Camels are fascinating. I remember that when we were on our way from Indonesia to the Netherlands in 1938, we sailed through the Suez Channel. We stayed for a day in Caïro( I think) and I was 4 years old, so I was very impressed by the camels, especially when we started riding on them and when they got up: first with their hindlegs.

Marvin said...

I did see Lawrence of Arabia, way back when it was first released. It must have impressed me greatly because I still remember parts. (I think I've seen at least bits and pieces of T. E. Lawrence's exploits since. My memory may be getting events out of sequence.)

Peter O'Toole is a much better actor than John Wayne ever thought about being. Don't tell anyone I said that. I dare not risk being labeled un-American.

I'm glad you enjoyed poking around Hodgepodgery. My other blog started out general interest but evolved into being mostly about nature. I brought Hodgepodgry out of hibernation so I'd have a place to post my un-natural photos.

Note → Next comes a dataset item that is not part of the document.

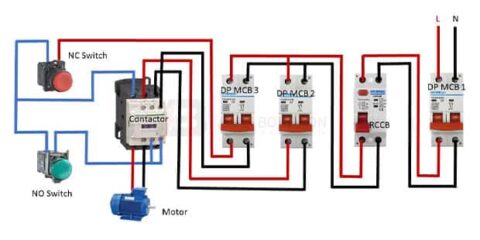 Motor starter wiring diagram – Earth Bondhon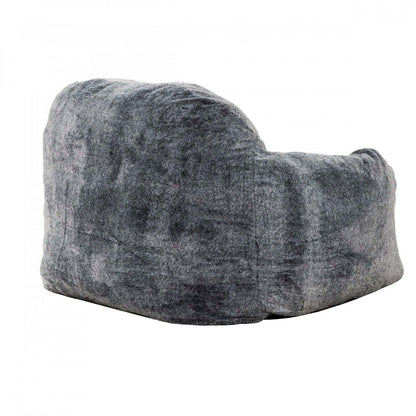 Sealy Tore Faux Fur High Density Foam Bean Bag Chair - Blue|Fauteuil poire Tore de Sealy en fausse fourrure avec mousse à mémoire de forme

Thanks for your visits and comments.

crittoria said...

Camels are so foreign and yet fascinating to me. I would love to see them out grazing, just like our horses do around here!

Salty said...

Great camel shots! I can't say I have ever seen one of these roaming around Pennsylvania :)

I must return when I have more time, your blog is very interesting!
Salty

Kris McCracken said...

I like camels. They have real character. The world would be a better place if people kept camels instead of dogs.

Liz said...

That is a really helpful mnemonic. I will have to remember that.